Por outro lado, crescia entre os brasileiros a oposição ao Reino português e o sentimento de que o então Estado já poderia ser uma nação livre. Muitos jornais e panfletos se espalharam pelo território defendendo a independência, assim como as elites locais alarmadas com a ideia de recolonização. A crise atingiu seu ponto máximo em 1822, quando o príncipe Pedro atendeu a um abaixo assinado com mais de 8 mil participantes, que pediam a sua permanência. A este anúncio, em 9 de janeiro, foi atribuída a famosa frase: “Se é para o bem de todos e felicidade geral da nação, diga ao povo que fico!”
As Cortes lusas retaliaram com uma série de cartas enviadas ao Rio de Janeiro. Elas praticamente anularam todas as decisões tomadas pelo príncipe regente e restauraram a validade do Pacto Colonial. Daqui, veio um encaminhamento importante dado pela princesa Maria Leopoldina, esposa de Dom Pedro, e por seu principal conselheiro, José Bonifácio de Andrada e Silva, que considerou tais ordens como “uma declaração de guerra”. Em 2 de setembro, ela convocou um Conselho de Estado e preparou com ele um decreto que definia o Brasil como estado independente, sem responder a nenhuma ordem vinda de Lisboa.
Neste dia, o príncipe estava em viagem a São Paulo e foi informado de toda a situação através das cartas escritas por Leopoldina e Bonifácio, que foram anexadas às ordens das cortes e enviadas por dois oficiais-mensageiros que o alcançaram no dia 7, junto ao riacho do Ipiranga. “Pedro, o Brasil está como um vulcão. Até no Paço há revolucionários. As Cortes portuguesas ordenaram a vossa partida imediatamente, ameaçam-vos e humilham-vos. O Conselho de Estado aconselha-vos a ficar”, dizia a carta da princesa. Da reação furiosa de Pedro, veio a decisão e seu lema: “Independência ou morte!”
Reação e batalhas
Portugal preferiu a morte e se mobilizou para retomar o controle do Brasil. Unidades do Exército leais a Lisboa enfrentaram as que aderiram a Dom Pedro, em uma série de conflitos que se estenderam até 1824 – e que são consideradas por muitos historiadores como Guerras de Independência. Uma das mais sangrentas aconteceu na Bahia, quando em fevereiro de 1822, as forças lusas reprimiram os movimentos de apoio à Independência com muita violência, e acabaram expulsas por tropas formadas no Recôncavo Baiano. A batalha final, em Salvador, foi vencida pelos brasileiros no dia 2 de julho de 1823.

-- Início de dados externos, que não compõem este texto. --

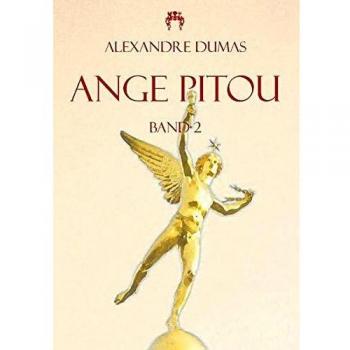 Ange Pitou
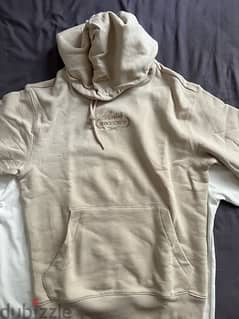 Reebok Rare Hoodie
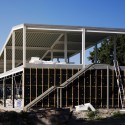 Waterfront Kopaszi Dam / T2.a Architects © Zsolt Batár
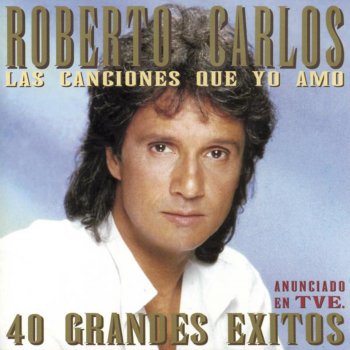 Roberto Carlos Actitudes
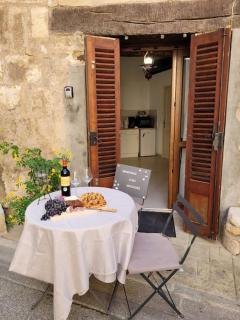 Studio Chez Gregoire w Prowansji - Cabasse - 9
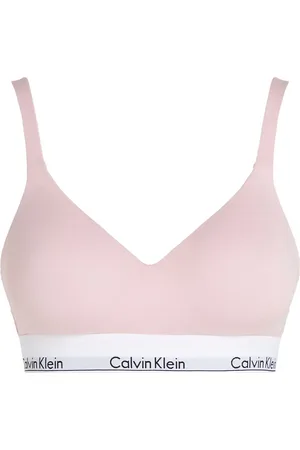 Calvin Klein Modern Cotton Lift Bralettesmall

Outro incidente, em março do mesmo ano, foi a Batalha do Jenipapo, no Piauí, que opôs o governador da capitania, João da Cunha Fidié, contra a população local. Nas batalhas em Oeiras, Parnaíba e Campo Maior, mais de 200 pessoas morreram. As tropas lusas chegaram a vencer os brasileiros, mas foram atacadas com força ao seguirem para Maranhão, o que levou Fidié e seus homens a se renderem, em 28 de julho.
No mês seguinte, em um episódio que ficou conhecido como “Adesão do Pará”, os exércitos de Dom Pedro rumaram para o Grão-Pará e subjugaram o governo local, que era abertamente pró-Lisboa. E em março de 1824, a então Província Cisplatina (atual República Oriental do Uruguai), cujo comandante era o português Álvaro da Costa, foi a última a aderir ao Brasil, após um cerco militar de vários dias contra sua capital, Montevidéu.

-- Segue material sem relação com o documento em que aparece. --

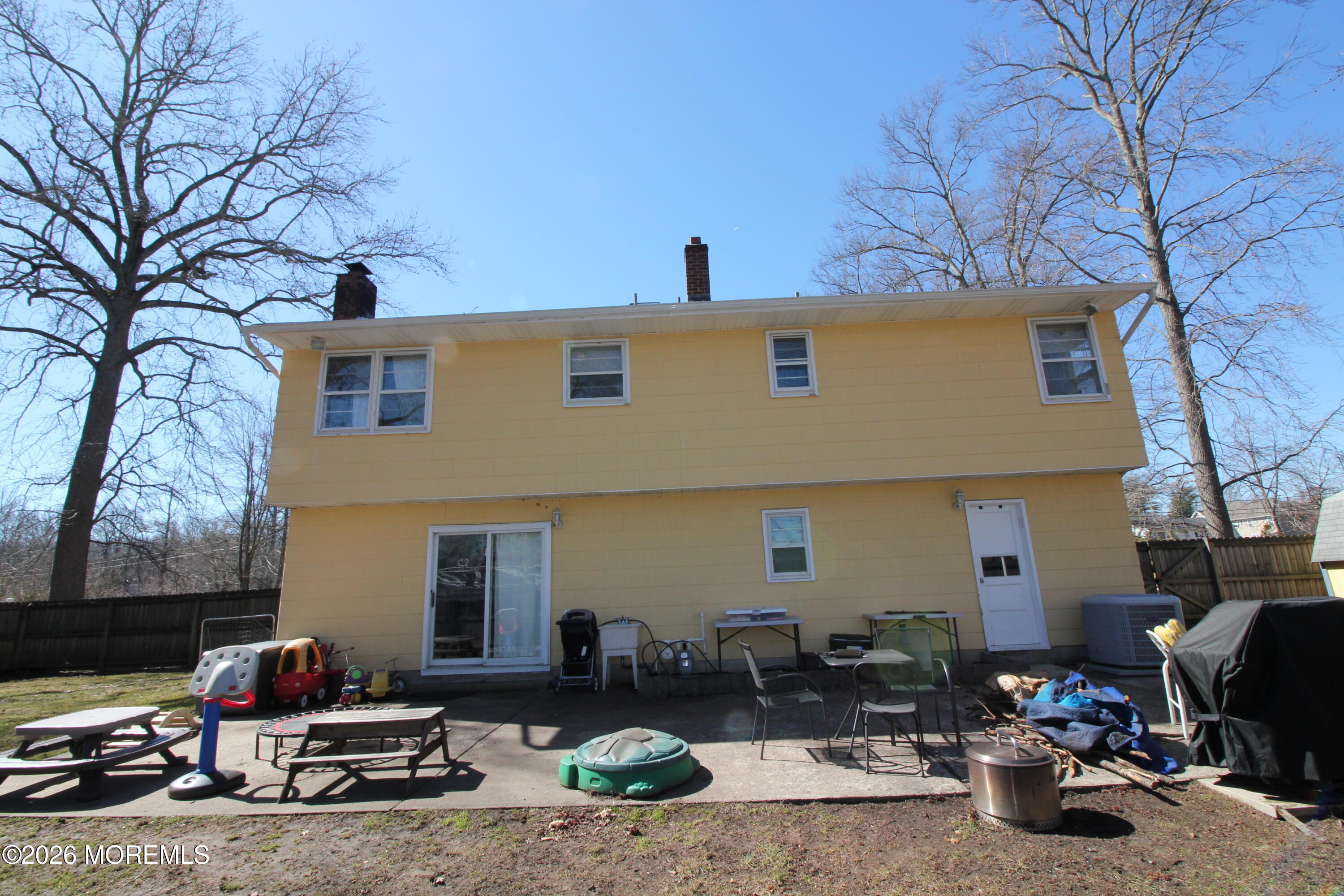7 Portsmouth Road Englishtown NJ 07726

Portugal só reconheceu oficialmente a independência de sua ex-colônia em 1825, após a intermediação da Inglaterra e o pagamento de uma indenização de 2 milhões de libras esterlinas. A crise terminou, mas o processo de independência foi continuando ao longo da história, e as feridas entre Brasil e Portugal foram sendo curadas, transformando a relação em uma longa e duradoura amizade.